都道府県間の移動が制限されていた期間に始めた東京とその周りの県の県境を自転車で巡る旅。今や「Go To トラベル」キャンペーンで国内旅行も盛り上がっているが、せっかく始めたものを途中で投げ出すのも後味が悪いので、引き続き県境探検を続行している。

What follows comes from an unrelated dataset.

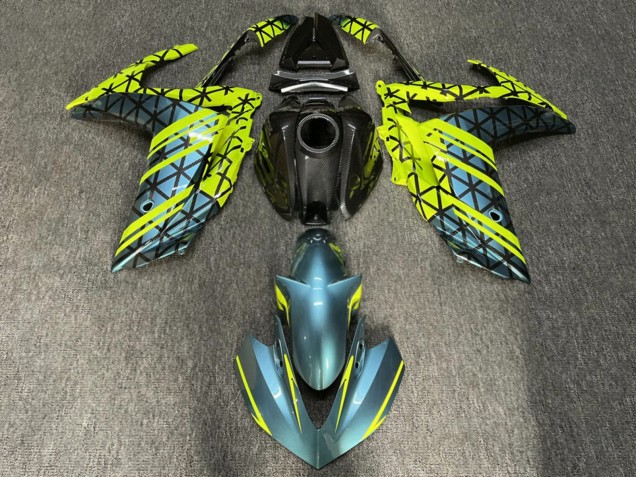 Purchase 2015-2018 Glossy Carbon Fiber Style with Teal & High Vis Yellow Pattern Yamaha R3/R25 Motorcycle Fairings UK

今回は東京都と神奈川県の間を流れる境川をさかのぼる。
境川は文字通り 東京都と神奈川県の境目
前回は東京本土のほぼ最南端である南町田のショッピングモール「クランベリーパーク」周辺まで来たが、そこからちょっと西に移動すると境川が流れている。下流側は神奈川県内を流れ、最後は藤沢市の江の島近くで相模湾に注ぎ込むが、上流側は文字通りこの境川にほぼ沿うかたちで東京都と神奈川県の県境が引かれている。ちょうどその境目付近に行くと、「これより下流神奈川県厚木市~」と書いてある標識があり、今回はここをスタート地点にしてまずは北西へ向かっていく。
「境川ゆっくりロード」はのんびり進む
この境川沿いの道は「境川ゆっくりロード」と名付けられた自転車歩行者専用道路になっている。道幅はさほど広くなく、途中に車止めも多いので、どちらかといえば近所に住む人たちの生活道路といった感じ。ロードバイクでスイスイ走るのはちょっと難しいので、歩行者や他の自転車に気をつけながら「ゆっくり」進んでいく。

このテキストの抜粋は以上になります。